▸ **ASSIGNMENT**:
The result should hold only the lines from the one with "Trump Mobile’s fake" through the final line of the data below, transcribed exactly, pictures left out.

▸ **SUPPLIED MATERIAL**:
--
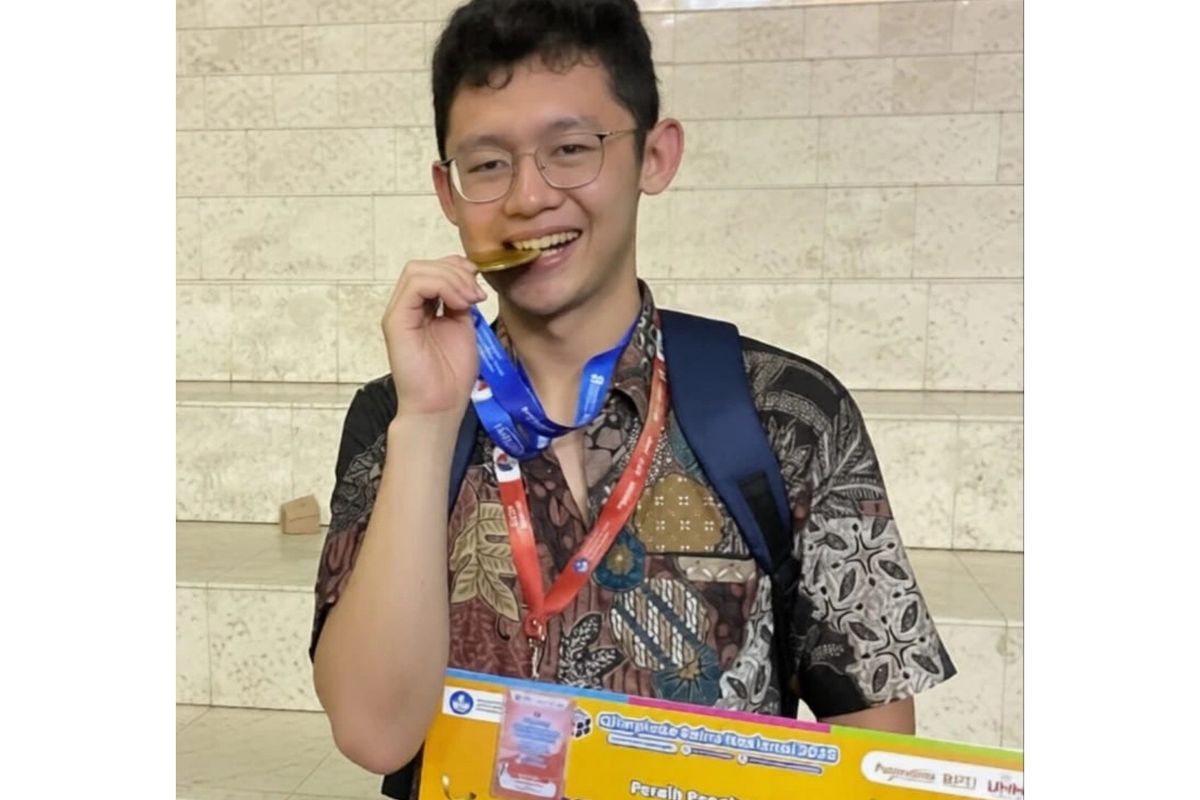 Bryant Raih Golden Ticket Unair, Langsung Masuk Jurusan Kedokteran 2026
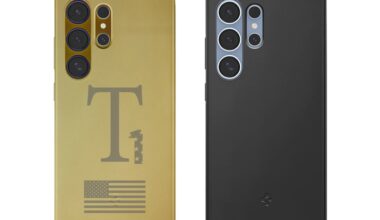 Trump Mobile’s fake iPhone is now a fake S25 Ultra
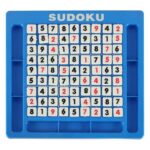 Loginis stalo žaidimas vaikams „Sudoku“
--
▸ **TASK SOLUTION**:
 Trump Mobile’s fake iPhone is now a fake S25 Ultra
 Loginis stalo žaidimas vaikams „Sudoku“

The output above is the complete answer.